“Until now, this was the only way to get juice from an orange” *Squashes orange against forehead*
“You mean there’s a better way?”
US juice start up Juicero – which had more than a few similarities with the Juice Loosener of The Simpsons fame – has gone bust, just months after it was widely panned online for being an absolute and complete waste of money.
If you didn’t catch the story the first time around, Juicero offered a $US400 ($AU500) juice making machine. It successfully raised $US120 million ($AU150 million) from investors, before word spread that perhaps this new innovation wasn’t quite as innovative as it purported to be.
Instead of pulverising fruit to give you a delicious glass of healthy juice, Juicero users would need to purchase pre-diced fruit and vegetables in bags. The bags would then be inserted into the machine, which would use its revolutionary technology to put it into a glass for you.
The problem? The bags could be opened by hand, with the exact same juice coming out – meaning the machine was effectively useless.

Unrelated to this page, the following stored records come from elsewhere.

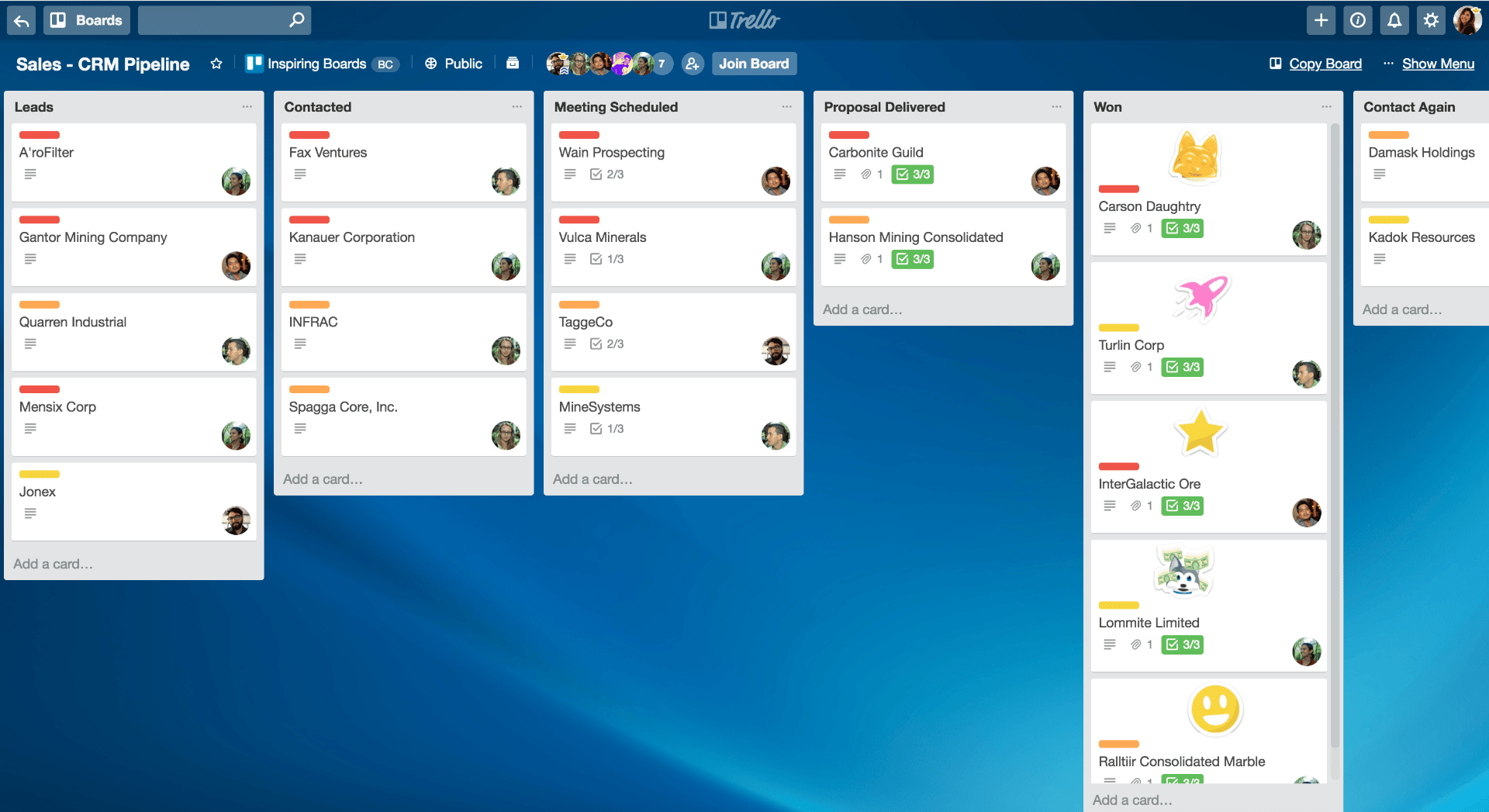 Trello project management platform, streamlining workflows and boosting team productivity.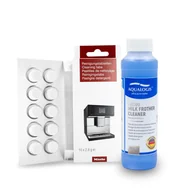 Akcesoria i części do ekspresów do kawy - Zestaw Miele, 0270530 Tabletki Czyszczące 10szt, Aqualogis Latteo 250ml - miniaturka - grafika 1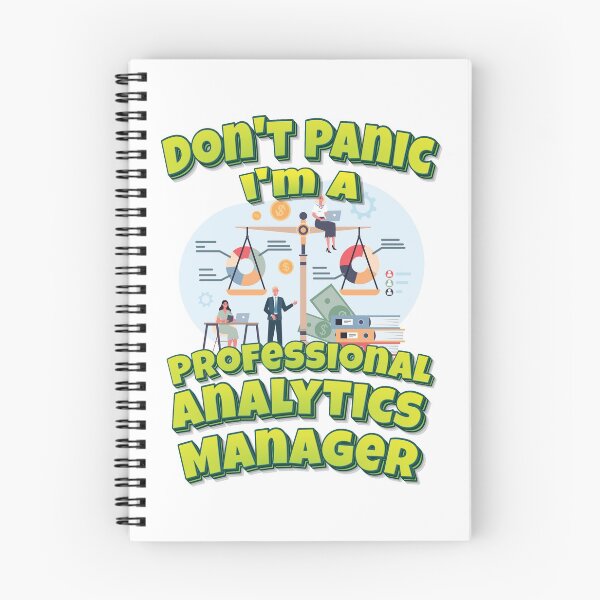 Item preview, Don't Panic I'm A Professional Analytics Manager designed and sold by FiveNiches.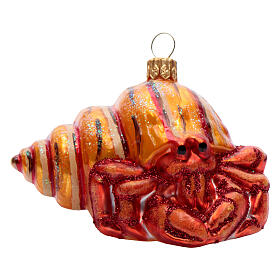 Paguro decoro vetro soffiato Albero Natale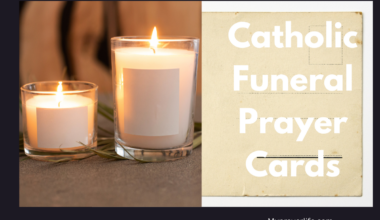 Catholic Funeral Prayer Cards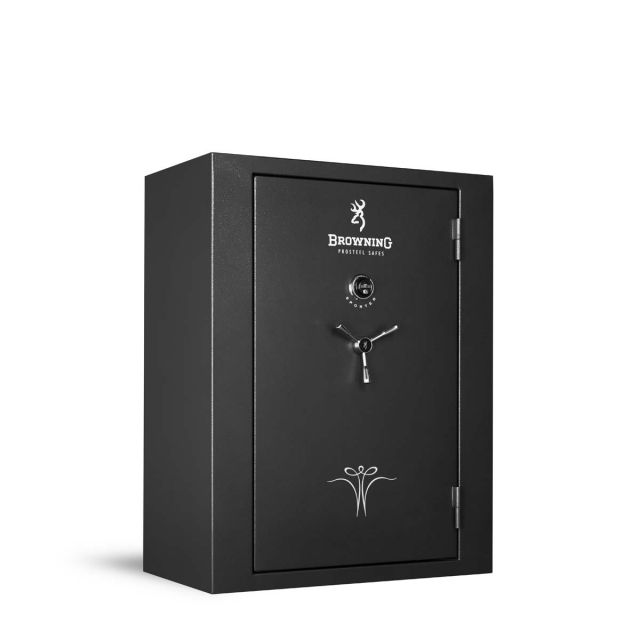 Browning Safes Browning Safes Sporter Extra Wide SP40 Gun Safe,58x44x27in,Hammer Gray,Silver Chrome,Scroll,S and G Mechanical Lock 1601100189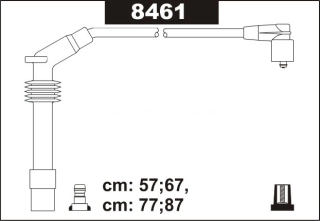 Zapalov. kabely Sentech Opel Frontera 2.0L.SE Sport
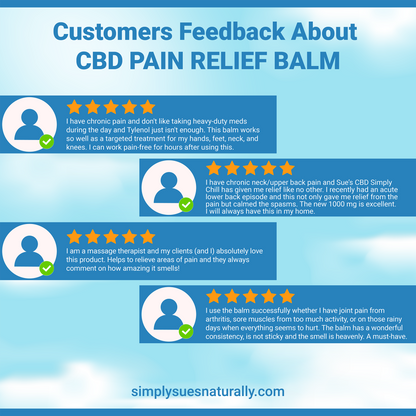 CBD Simply Chill Pain Relief Balm 200 mg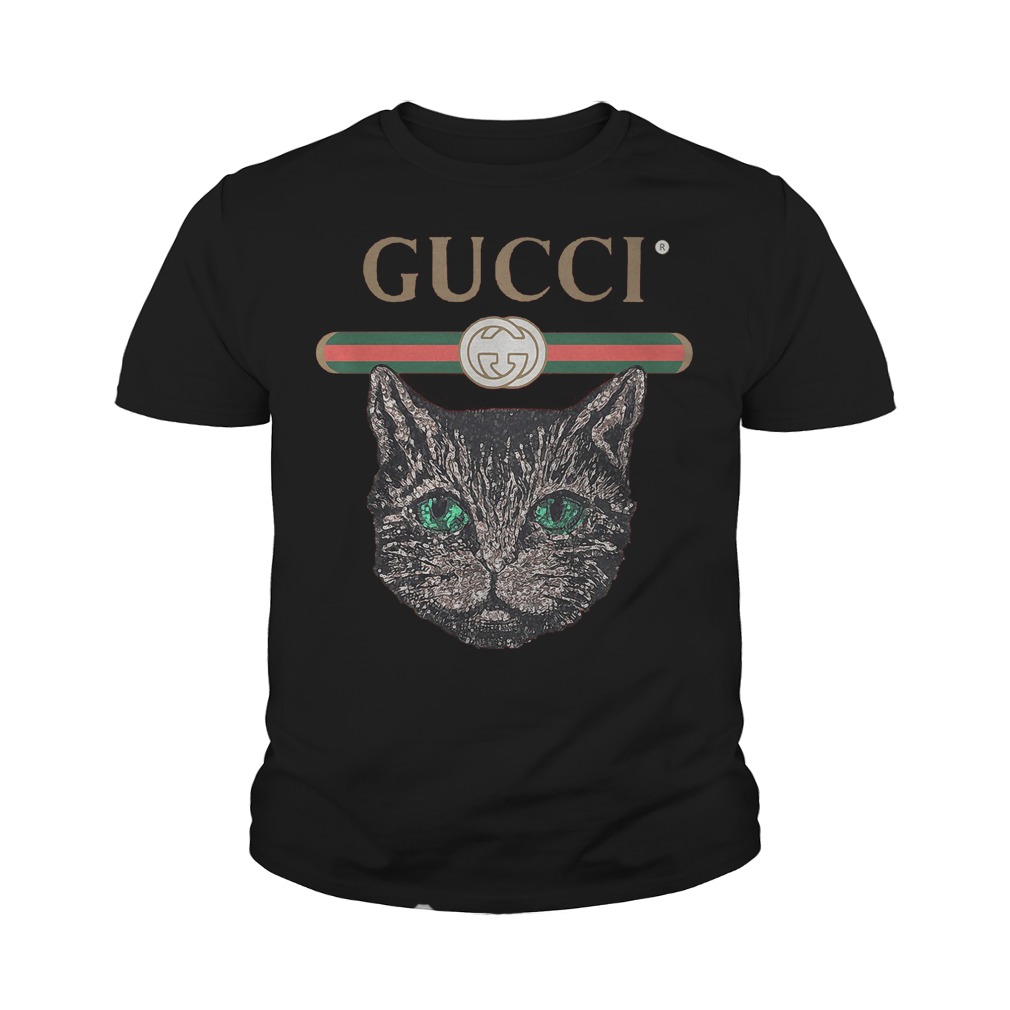 Gucci Logo Mashup With Mystic Cat T-Shirt Youth Tee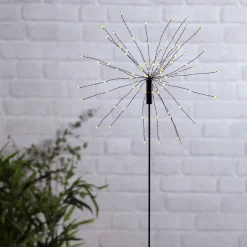 LED-aurinkovalaisin Firework maapiikillä, 100 cm
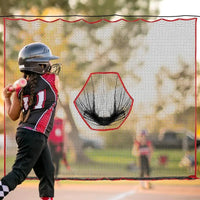 Filet de golf à suspendre – utilisation pour d'autres sports, ici le baseball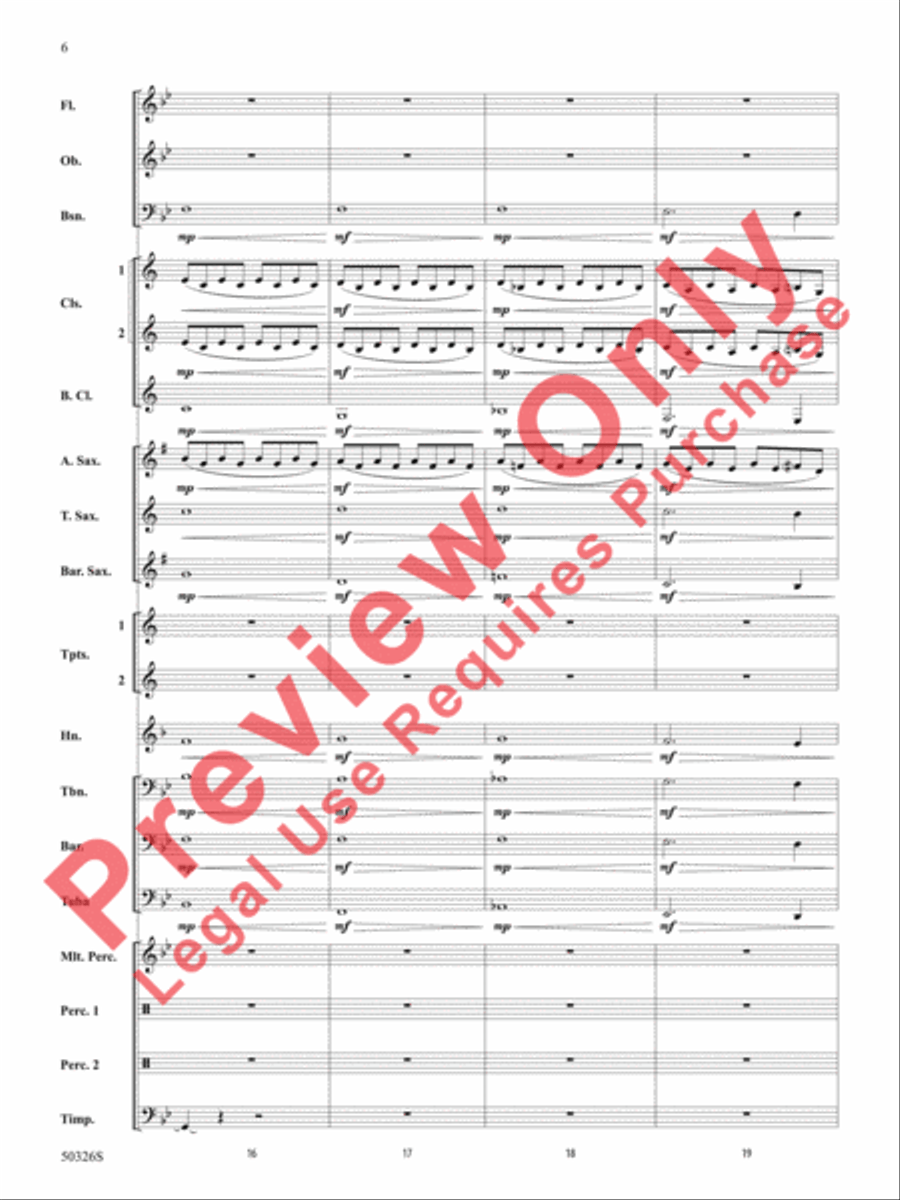 Intenso Concert Band scores gallery preview page 7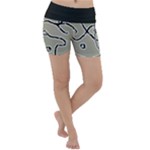 Sketchy abstract artistic print design Lightweight Velour Yoga Shorts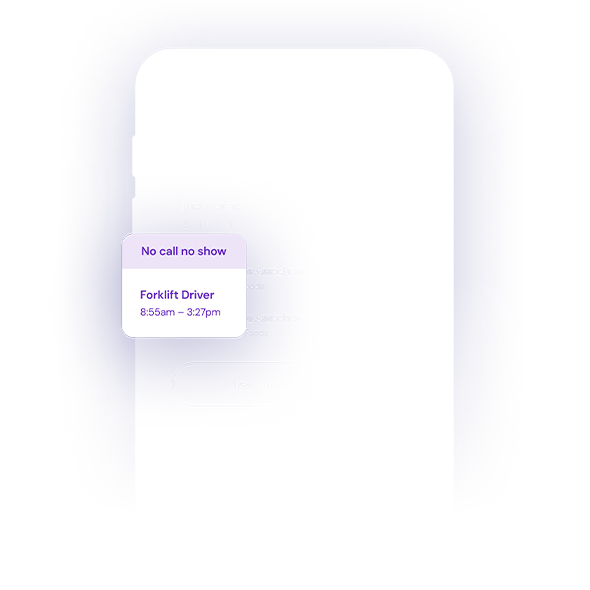 Job detail and information on phone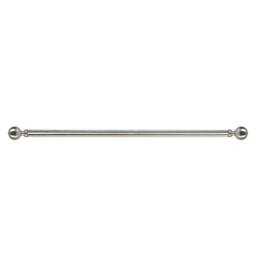 Marlow Steel Curtain Rod Set Extendable Adjustable with Quiet Operation in Metallic Silver - thumbnail 1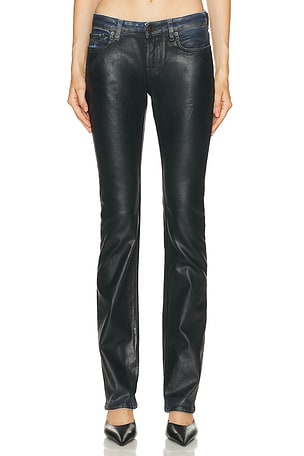 Acne Studios 2013 Stretch Charcoal Leather Pant in Black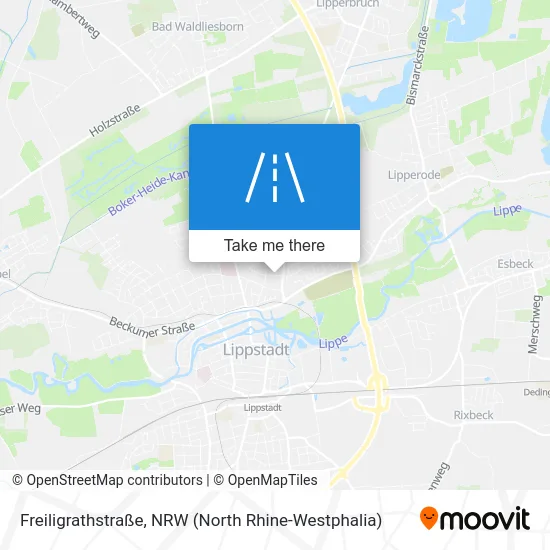 Карта Freiligrathstraße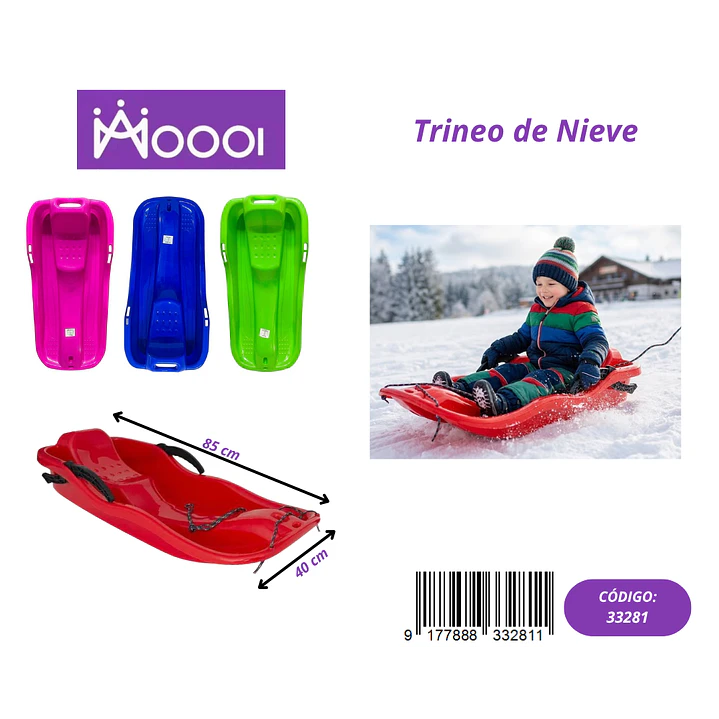 TRINEO DE NIEVE INDIVIDUAL PARA ADULTO/NIÑO Precio publicado al por mayor 3 unidades del mismo 1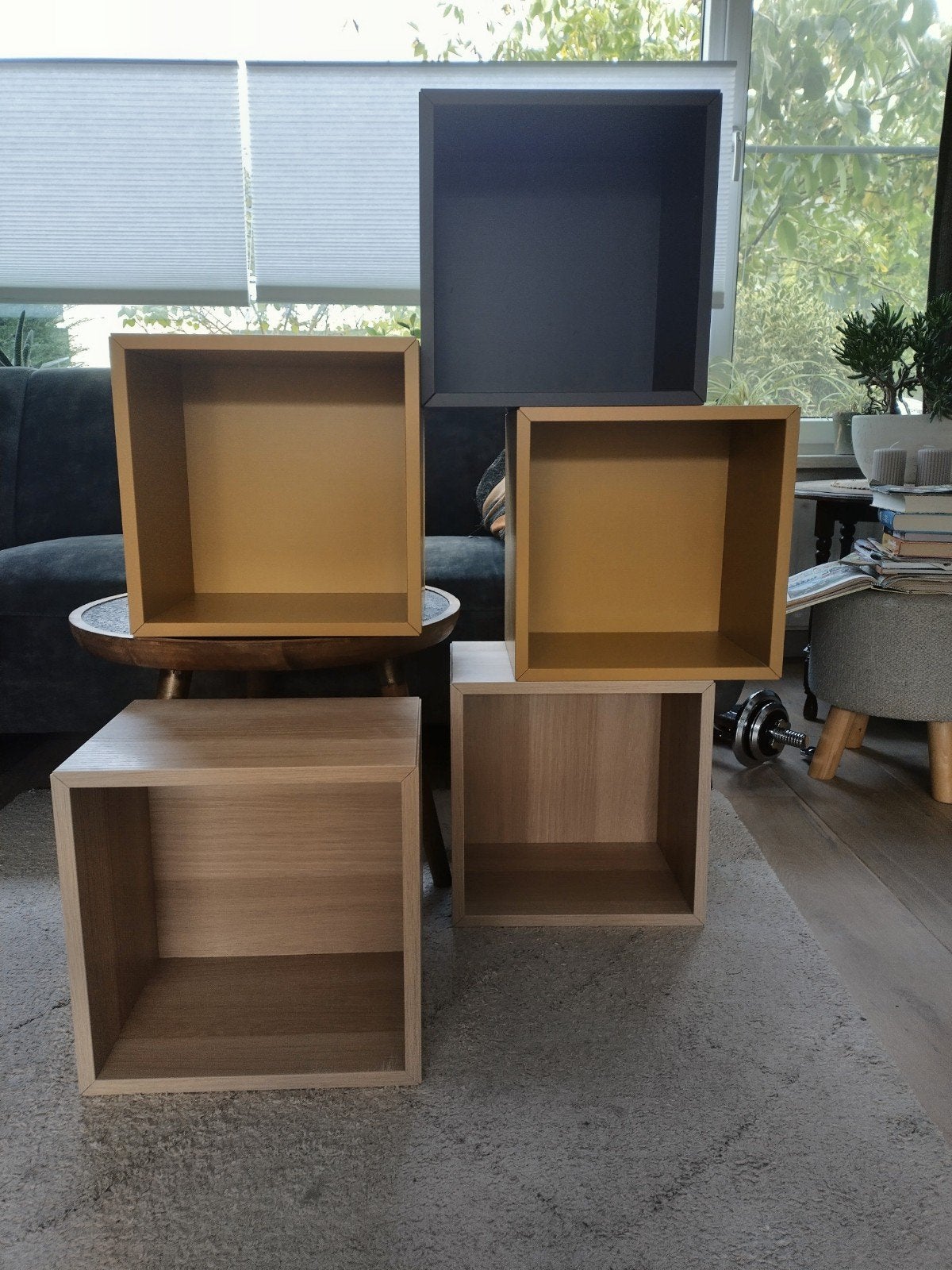 5 ikea wandkubus eket, Ophalen, Zo goed als nieuw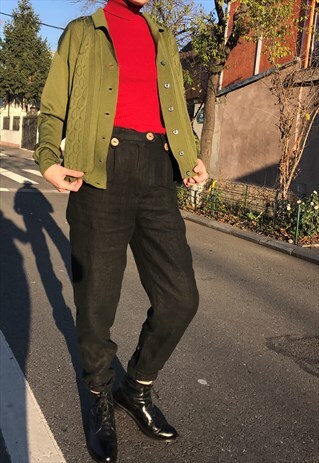 LINEN HIGH WAISTED TROUSERS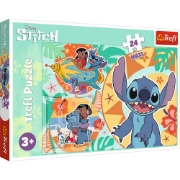 Imagine PUZZLE TREFL 24 MAXI STITCH ZIUA VESELA A LUI LILO SI STITCH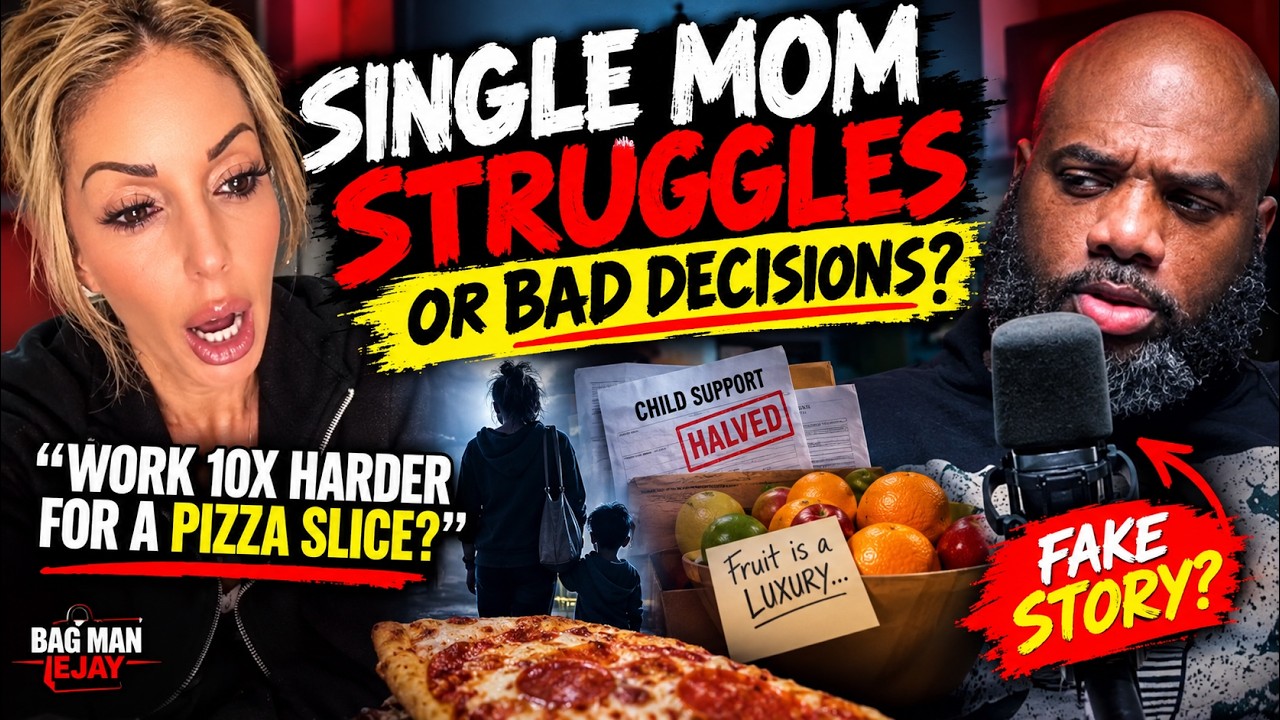 Single Mom Says Child Support Was CUT IN HALF… But Bag Man Has Questions!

The company also boasted of ensuring customers would only get the freshest juice by having the machines connected to the internet and not ‘juicing’ bags that were expired.
The only issue with this was that there was no way for the machine to tell if the bags were expired, as the expiration dates were written on them.
The story spread like wildfire across the internet, showing both the silliness of modern consumers and the apparent ridiculousness of the start up industry in general.
Despite the considerable funds that came in through an initial investment, the business failed to rebound from the bad press it received – with customers apparently unwilling to fork out $400 when they could just squeeze the bag themselves.